Indian archer (born 2005)

Bhajan Kaur (born 26 August 2005) is an Indian archer from Haryana. She was selected for the Indian Archery team for the recurve events at the 2022 Asian Games held in Hangzhou, China. Along with Ankita Bhakat and Simranjeet Kaur, she won the Women's team recurve event bronze medal for India. The Indian trio defeated the Vietnamese team 6–2 in the bronze-medal play-off. On 16 June 2024, she won a gold in the final Olympic qualifier at Anatalya, Turkey. She represented India at the 2024 Summer Olympic Games at Paris.

== Early life ==
Kaur hails from Ellenabad, Sirsa, Haryana. She did her schooling at Nachiketan Public School, Ellenabad. She is supported by Olympic Gold Quest. Her father Bhagawan Singh is a farmer, and she has a brother and a sister.

== Career ==

- 2023: In August, she was part of the Indian recurve team that won a bronze at the Hyundai Archery World Cup in Paris, France.
- 2023: In July, she won a bronze at the Youth World Championships held in Limerick, Ireland. She defeated Su Hsin-Yu of Chinese Taipei 7–1 (28–25, 27–27, 29–25, 30–26) in the U-21 women's recurve individual section.
- 2023: In June, she finished in the top 10 at the Archery World Cup Stage 3 held in Medellin, Colombia.
- 2023: In April, she made it to the semifinals of the Archery World Cup in Antalya, Turkey. On 21 April in the quarterfinals, Bhajan toppled the top seed, the Mexican archer Alejandra Valencia by 6–5.
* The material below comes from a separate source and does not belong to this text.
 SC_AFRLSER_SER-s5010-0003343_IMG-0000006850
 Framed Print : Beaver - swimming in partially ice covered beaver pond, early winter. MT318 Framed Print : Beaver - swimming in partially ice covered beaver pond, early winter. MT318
===2024 Summer Olympics===
Kaur made her first Olympic appearance in the 2024 Summer Olympics in Paris. She progressed to the Women's Individual 1/8 Elimination Round. However, she lost 5-6 to Indonesia's Diananda Choirunisa in a Shoot-Off. Kaur advanced to the quarterfinals in the Women's Team, along with Ankita Bhakat and Deepika Kumari. However, the team lost to the Netherlands' team 0-6.